La Bayadère: The entrance of the women’s corps de ballet into the Kingdom of the Shades is the essence of classical ballet from the Romantic era. Gliding ballerinas, all in white tutus, moonlight, and all the arabesques you could ever want. This is the stuff of dreams and it conveys a transcendental image of ballet that reminds us how incredible it is that dancers can move like this.

Piano Concerto #1: What on Earth do they put in Skylar Brandt’s Cheerios to enable to her move at such demonic speed? She danced with such breathtaking velocity that it was hard to believe she didn’t crash. But she was always under control and was a joy to see in Ratmansky’s bravura ballet.

La Sylphide: James Whiteside is one of the names you frequently hear when women talk honestly about who their favorite dance partner is. He is charismatic, athletic and sometimes heroic. You never think about Erik Bruhn when watching Whiteside in this variation.

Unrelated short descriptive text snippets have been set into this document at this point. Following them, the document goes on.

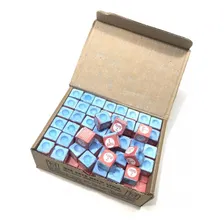 Kit Giz 7 Belo Azul + 1kg Giz Branco Para Sinuca Bilhar Cor Azul E Branco Foto mini 3
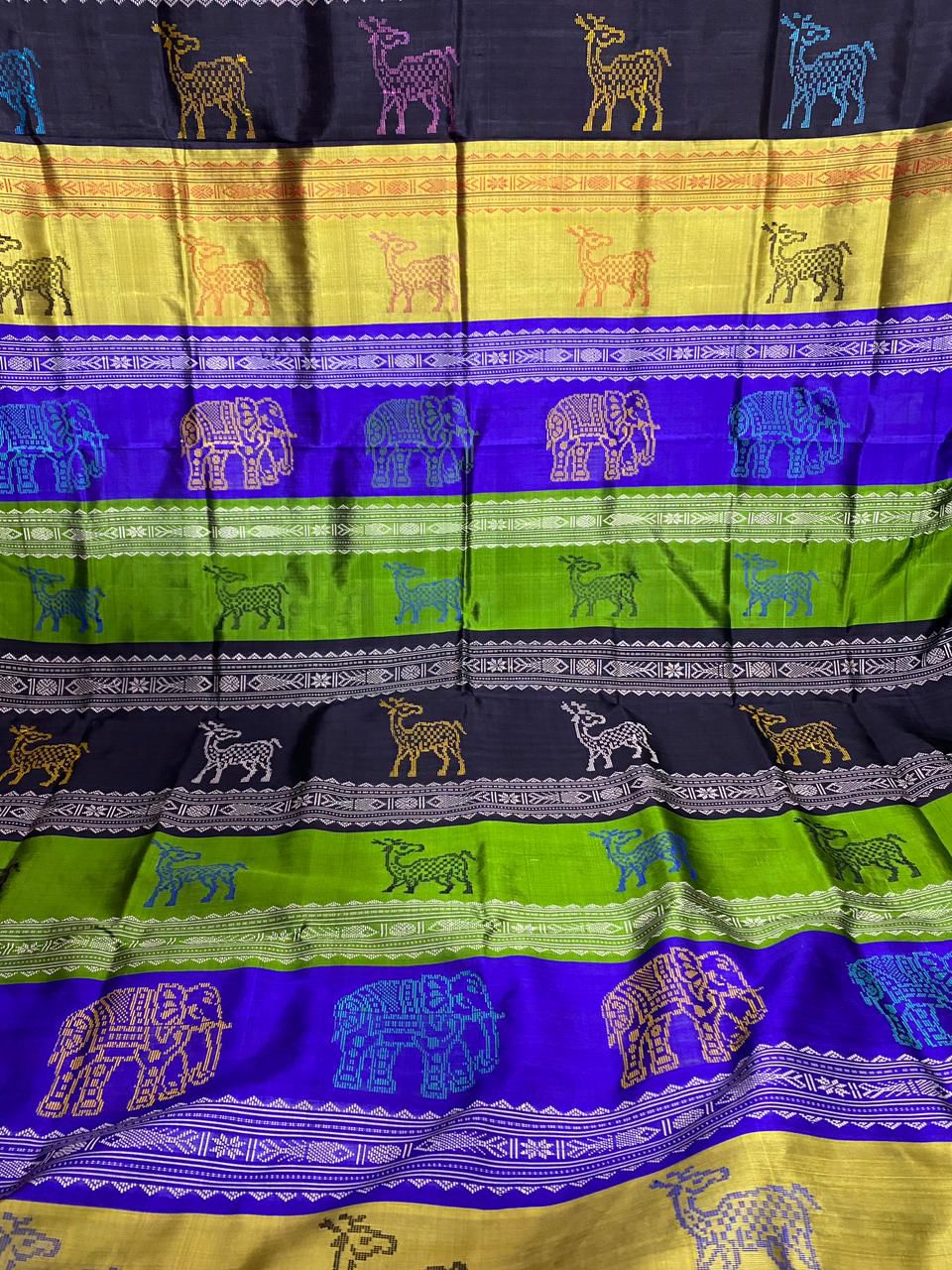 Matsya Varnam Berhampuri Silk Saree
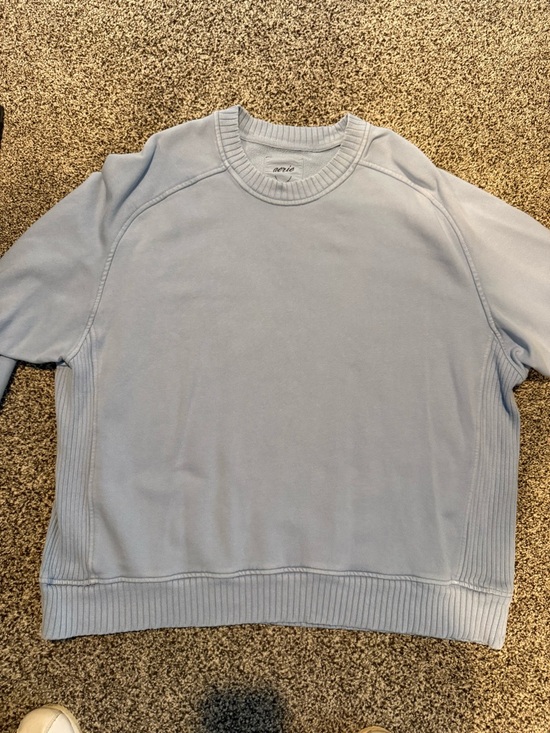 aerie Tops - Women’s  Light Blue Aerie Crewneck Sweatshirt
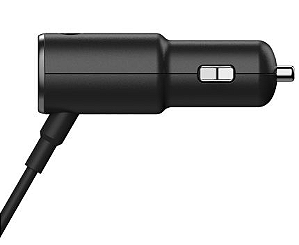 Carregador Veicular Motorola Turbo Power 25W Micro Usb  E Saída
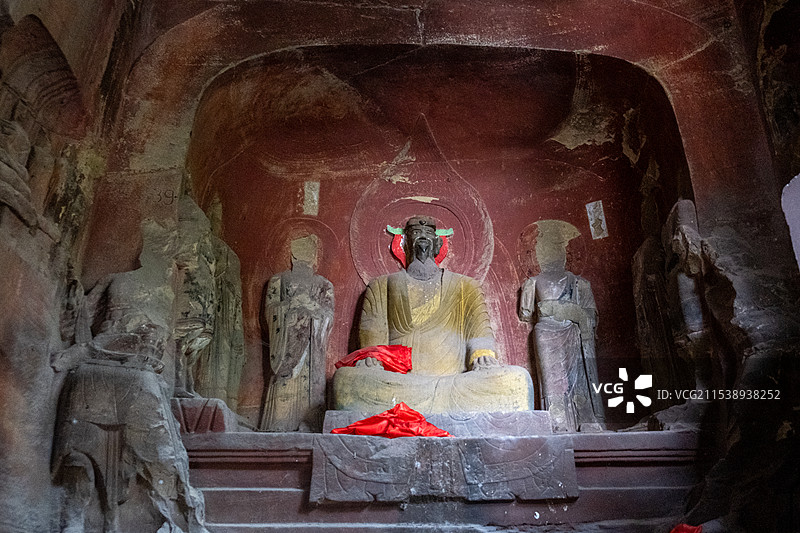 四川巴中通江千佛岩石窟图片素材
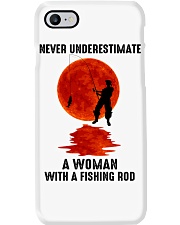 Fishing Never Underestimate A Fishing Girl Phone Case tile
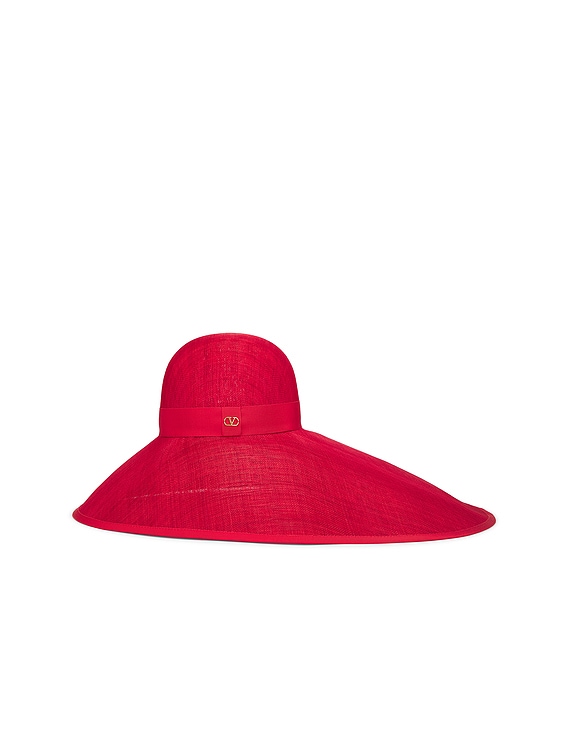 Valentino Garavani Large Brim Abaca Sun Hat Size 56 EU=21 7/8\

Tchaikovsky Pas de Deux: This was Paloma Herrera’s turn in the spotlight and it was yet another high point. She was not an iota less thrilling to watch than she was twenty years ago. She still expresses her exuberant joy at being a dancer and she will be sorely missed. Farewell, Paloma!

Theme and Variations: Sarah Lane and Joseph Gorak got the nod for the climactic closing role of this great gala night. Lane, a top soloist, was up to the challenge and made it clear that she’s ready for principal roles. She was radiant, commanding and glamorous. Brava, Sarah.

If the excess emotion and energy of the evening occasionally overflowed and led to a few flubs, you have to forgive and forget because this night was about paying homage. Lucia Chase and Oliver Smith created this company to embrace the classics as well as to engage the best of contemporary choreographers and the gala did a great job of celebrating that legacy. ABT has always been a place where stars shine brightest and this night had a whole constellation of them. It was a privilege to be a part of this celebration.